═══ Information shown ═══

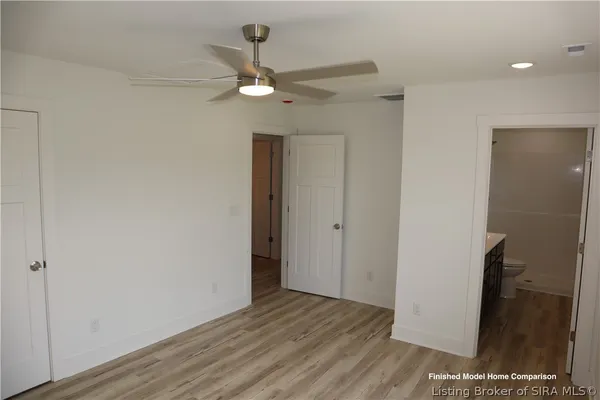 $265,000 | 2263 South South Boston Pekin Road, Salem, IN 47167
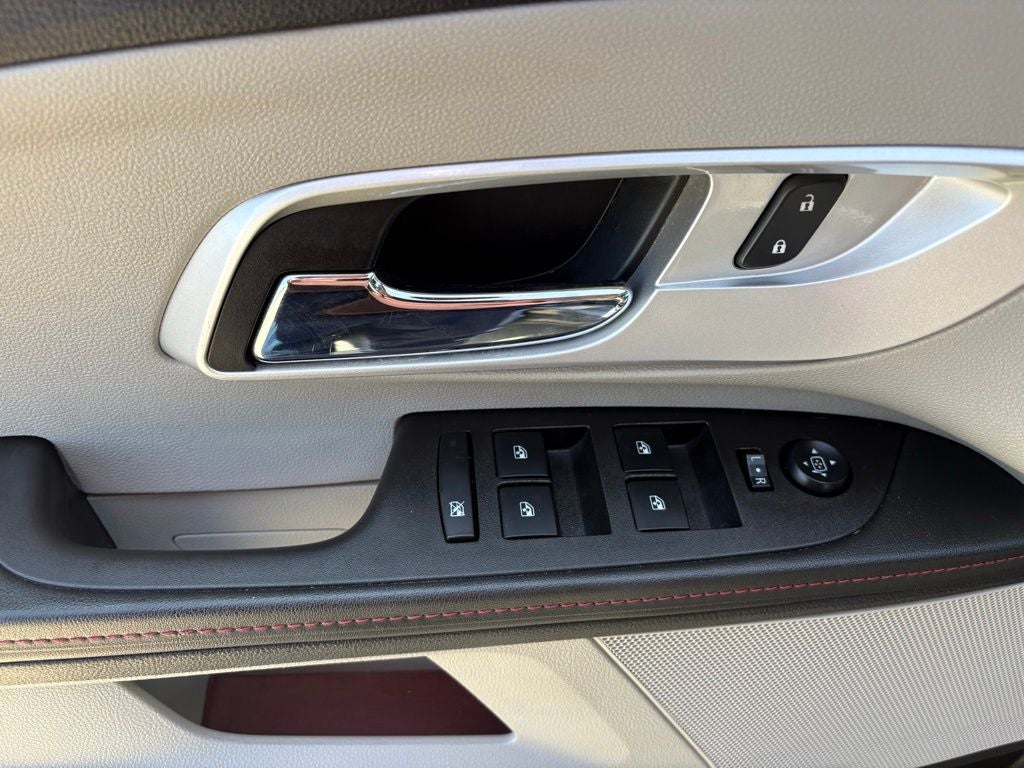 2014 Chevrolet Equinox LT 2LT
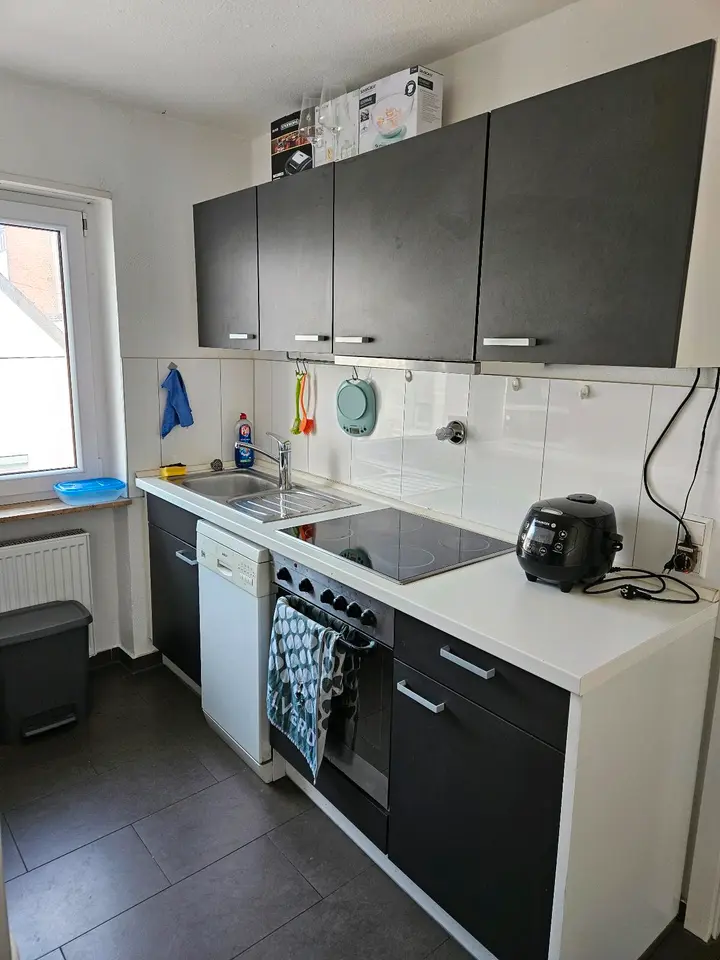 Shared room with 15 m² in Stuttgart – Photo 7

═══

As you output the material, omit the pictures but alter nothing else.

**Solution**:
 $265,000 | 2263 South South Boston Pekin Road, Salem, IN 47167
 2014 Chevrolet Equinox LT 2LT
 Shared room with 15 m² in Stuttgart – Photo 7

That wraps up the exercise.